| Exercise requirements |
Go through the listing below and output exactly the line with "Myrioblephara nanaria", the line with "Cœur de Corail", and each line between; omit the rest.
* * * * * * * * *
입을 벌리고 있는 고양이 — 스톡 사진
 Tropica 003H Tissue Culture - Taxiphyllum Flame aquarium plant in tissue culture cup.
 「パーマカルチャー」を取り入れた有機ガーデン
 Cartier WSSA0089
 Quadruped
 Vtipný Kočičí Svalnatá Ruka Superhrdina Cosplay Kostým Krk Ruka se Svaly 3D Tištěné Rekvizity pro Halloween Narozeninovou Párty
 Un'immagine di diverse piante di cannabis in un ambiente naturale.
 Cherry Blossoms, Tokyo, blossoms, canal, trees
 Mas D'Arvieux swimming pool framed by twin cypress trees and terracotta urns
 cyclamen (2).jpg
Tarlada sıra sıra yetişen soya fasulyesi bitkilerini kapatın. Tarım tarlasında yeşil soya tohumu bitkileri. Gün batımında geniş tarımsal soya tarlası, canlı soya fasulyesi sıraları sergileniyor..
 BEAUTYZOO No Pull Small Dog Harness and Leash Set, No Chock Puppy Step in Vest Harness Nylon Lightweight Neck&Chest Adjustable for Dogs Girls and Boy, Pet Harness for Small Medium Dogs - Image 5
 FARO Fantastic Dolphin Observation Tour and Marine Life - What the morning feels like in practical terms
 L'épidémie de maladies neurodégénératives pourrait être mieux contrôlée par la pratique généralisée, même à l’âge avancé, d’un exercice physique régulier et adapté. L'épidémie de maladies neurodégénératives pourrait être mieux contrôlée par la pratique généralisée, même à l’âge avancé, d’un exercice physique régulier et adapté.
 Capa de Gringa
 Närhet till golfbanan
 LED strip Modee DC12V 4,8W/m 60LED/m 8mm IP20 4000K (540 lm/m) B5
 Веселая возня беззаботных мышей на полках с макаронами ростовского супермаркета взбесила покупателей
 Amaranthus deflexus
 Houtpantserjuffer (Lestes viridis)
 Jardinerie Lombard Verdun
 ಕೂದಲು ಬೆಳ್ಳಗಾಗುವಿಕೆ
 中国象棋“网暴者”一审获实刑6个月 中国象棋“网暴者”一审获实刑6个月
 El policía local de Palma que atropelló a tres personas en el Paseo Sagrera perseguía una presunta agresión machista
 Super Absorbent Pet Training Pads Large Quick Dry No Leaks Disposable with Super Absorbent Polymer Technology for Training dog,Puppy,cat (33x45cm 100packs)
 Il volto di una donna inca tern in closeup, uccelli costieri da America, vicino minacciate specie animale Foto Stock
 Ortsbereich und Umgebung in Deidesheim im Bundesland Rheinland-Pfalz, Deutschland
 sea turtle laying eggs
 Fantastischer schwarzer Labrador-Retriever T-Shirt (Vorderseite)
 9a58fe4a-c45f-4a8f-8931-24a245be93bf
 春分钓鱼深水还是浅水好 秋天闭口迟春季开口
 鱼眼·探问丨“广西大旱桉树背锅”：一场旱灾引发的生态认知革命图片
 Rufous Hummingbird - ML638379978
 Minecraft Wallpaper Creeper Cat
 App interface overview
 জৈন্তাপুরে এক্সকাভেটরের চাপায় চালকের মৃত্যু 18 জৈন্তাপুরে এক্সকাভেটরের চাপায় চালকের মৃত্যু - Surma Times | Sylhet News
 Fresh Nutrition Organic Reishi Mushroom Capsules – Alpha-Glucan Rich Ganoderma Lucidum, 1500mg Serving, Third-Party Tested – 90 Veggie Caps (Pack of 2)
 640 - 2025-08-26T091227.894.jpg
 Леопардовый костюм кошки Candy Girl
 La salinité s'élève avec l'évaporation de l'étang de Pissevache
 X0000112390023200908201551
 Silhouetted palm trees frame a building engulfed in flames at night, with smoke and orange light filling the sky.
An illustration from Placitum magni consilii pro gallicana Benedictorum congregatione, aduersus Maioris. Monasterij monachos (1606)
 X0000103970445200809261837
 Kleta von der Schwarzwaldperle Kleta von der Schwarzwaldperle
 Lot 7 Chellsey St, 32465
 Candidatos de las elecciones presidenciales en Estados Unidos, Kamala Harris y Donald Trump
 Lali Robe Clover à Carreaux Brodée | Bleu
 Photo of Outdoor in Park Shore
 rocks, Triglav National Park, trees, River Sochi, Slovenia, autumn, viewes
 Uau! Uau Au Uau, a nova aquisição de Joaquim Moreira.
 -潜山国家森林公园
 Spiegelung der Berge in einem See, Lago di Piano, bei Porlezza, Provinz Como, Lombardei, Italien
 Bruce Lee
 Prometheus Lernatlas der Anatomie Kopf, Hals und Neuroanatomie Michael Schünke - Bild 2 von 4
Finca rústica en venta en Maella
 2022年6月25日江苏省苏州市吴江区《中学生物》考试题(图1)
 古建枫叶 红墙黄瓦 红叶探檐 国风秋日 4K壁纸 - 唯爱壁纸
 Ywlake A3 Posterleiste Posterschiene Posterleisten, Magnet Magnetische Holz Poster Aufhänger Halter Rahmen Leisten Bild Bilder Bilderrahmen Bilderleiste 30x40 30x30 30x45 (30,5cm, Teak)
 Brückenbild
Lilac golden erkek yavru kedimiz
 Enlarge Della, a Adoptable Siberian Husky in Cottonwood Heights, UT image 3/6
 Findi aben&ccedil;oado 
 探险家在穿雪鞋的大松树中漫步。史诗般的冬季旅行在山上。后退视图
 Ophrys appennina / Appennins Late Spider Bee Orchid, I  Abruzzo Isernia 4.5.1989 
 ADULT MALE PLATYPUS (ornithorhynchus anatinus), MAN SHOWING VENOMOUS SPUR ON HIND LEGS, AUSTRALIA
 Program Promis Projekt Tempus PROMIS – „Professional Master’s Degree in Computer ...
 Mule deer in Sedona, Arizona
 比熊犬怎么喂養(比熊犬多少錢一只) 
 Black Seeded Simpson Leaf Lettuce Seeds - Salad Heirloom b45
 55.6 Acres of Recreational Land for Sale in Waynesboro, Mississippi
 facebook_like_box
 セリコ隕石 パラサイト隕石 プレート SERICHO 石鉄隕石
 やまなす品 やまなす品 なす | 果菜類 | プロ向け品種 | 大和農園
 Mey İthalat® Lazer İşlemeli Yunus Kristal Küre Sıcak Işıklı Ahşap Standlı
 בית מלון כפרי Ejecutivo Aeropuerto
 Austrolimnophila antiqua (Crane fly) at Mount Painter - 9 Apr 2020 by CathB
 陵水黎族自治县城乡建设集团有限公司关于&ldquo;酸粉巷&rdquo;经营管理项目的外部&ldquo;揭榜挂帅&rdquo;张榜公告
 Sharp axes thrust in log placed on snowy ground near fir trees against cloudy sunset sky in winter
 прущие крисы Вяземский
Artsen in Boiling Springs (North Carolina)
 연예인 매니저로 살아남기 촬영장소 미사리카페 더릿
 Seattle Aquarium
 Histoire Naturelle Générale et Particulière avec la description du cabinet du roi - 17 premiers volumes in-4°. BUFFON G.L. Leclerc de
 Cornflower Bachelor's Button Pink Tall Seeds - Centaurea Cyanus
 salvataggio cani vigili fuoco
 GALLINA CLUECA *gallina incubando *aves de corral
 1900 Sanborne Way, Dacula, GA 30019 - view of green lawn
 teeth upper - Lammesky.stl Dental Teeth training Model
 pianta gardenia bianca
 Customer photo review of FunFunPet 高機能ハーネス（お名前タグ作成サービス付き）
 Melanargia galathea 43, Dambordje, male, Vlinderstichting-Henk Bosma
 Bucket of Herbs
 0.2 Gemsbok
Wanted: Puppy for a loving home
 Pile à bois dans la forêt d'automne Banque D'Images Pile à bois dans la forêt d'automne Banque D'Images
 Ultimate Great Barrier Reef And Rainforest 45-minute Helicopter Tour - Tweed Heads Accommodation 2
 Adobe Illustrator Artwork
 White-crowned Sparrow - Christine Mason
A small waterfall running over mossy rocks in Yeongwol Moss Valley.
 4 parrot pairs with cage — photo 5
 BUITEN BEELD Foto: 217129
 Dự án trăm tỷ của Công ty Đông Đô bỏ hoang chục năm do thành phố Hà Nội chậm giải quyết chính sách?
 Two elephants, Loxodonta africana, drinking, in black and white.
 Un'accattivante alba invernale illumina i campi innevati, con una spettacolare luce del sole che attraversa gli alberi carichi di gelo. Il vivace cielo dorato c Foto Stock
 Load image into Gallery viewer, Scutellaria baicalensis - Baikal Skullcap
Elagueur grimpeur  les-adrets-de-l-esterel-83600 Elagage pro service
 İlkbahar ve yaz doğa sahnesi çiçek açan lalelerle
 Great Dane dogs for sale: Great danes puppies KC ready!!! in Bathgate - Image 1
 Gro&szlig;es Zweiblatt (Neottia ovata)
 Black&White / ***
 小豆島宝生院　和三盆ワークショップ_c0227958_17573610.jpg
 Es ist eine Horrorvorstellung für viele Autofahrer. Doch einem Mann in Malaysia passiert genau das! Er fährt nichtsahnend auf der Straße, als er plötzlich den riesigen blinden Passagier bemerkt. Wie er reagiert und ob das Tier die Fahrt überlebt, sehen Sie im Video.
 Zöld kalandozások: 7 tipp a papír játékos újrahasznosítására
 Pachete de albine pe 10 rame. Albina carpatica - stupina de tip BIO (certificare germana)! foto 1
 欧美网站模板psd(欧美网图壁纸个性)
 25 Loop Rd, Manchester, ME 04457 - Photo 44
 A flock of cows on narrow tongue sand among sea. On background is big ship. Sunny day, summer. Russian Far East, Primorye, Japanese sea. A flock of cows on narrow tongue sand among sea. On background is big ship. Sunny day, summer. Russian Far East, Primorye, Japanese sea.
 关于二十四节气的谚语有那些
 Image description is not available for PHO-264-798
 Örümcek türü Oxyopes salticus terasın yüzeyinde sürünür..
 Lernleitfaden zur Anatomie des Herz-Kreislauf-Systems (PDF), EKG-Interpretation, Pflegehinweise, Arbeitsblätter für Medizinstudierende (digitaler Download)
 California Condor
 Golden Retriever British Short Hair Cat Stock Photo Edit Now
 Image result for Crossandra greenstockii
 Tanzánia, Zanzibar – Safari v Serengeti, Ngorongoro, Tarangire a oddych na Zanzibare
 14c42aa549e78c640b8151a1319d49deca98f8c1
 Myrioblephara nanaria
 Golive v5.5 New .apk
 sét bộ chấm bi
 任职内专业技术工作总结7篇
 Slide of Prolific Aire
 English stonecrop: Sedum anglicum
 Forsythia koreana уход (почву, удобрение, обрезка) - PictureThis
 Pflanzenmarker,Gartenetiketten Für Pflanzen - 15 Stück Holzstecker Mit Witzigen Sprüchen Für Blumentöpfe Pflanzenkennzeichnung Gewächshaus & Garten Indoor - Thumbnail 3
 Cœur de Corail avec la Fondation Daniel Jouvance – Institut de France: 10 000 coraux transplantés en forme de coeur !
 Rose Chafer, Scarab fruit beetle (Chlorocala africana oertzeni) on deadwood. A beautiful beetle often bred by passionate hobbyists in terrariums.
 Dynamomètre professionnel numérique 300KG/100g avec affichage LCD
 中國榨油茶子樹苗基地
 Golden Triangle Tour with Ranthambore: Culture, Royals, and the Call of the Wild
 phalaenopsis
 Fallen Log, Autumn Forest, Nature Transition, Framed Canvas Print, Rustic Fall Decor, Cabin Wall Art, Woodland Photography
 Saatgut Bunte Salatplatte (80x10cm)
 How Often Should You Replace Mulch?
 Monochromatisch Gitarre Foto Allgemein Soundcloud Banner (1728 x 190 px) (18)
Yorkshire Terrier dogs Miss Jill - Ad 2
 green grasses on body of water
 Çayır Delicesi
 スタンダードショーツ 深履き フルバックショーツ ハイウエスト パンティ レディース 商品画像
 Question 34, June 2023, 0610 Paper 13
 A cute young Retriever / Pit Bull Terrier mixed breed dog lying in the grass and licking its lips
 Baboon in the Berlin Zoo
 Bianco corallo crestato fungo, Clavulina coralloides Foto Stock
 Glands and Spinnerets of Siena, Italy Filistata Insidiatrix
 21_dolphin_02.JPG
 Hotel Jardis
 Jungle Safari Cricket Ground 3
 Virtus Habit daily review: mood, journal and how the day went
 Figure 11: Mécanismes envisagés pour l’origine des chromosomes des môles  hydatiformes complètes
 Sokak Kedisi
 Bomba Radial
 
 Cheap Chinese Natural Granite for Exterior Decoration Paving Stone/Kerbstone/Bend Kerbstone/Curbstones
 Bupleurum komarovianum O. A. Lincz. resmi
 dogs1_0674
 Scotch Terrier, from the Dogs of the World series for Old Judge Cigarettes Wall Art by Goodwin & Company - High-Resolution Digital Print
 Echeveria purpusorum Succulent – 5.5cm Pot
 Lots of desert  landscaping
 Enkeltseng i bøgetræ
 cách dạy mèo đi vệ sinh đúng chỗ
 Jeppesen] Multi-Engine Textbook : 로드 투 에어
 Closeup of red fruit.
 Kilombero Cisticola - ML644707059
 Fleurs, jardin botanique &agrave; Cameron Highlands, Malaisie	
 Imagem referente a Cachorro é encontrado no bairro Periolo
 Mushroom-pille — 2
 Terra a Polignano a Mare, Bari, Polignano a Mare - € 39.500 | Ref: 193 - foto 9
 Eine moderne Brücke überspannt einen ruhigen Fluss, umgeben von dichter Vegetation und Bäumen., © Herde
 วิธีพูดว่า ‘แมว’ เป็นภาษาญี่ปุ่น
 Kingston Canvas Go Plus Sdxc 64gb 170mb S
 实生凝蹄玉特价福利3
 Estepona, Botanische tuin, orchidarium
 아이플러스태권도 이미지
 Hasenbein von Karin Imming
* * * * * * * * *
| Answer area |
 Myrioblephara nanaria
 Golive v5.5 New .apk
 sét bộ chấm bi
 任职内专业技术工作总结7篇
 Slide of Prolific Aire
 English stonecrop: Sedum anglicum
 Forsythia koreana уход (почву, удобрение, обрезка) - PictureThis
 Pflanzenmarker,Gartenetiketten Für Pflanzen - 15 Stück Holzstecker Mit Witzigen Sprüchen Für Blumentöpfe Pflanzenkennzeichnung Gewächshaus & Garten Indoor - Thumbnail 3
 Cœur de Corail avec la Fondation Daniel Jouvance – Institut de France: 10 000 coraux transplantés en forme de coeur !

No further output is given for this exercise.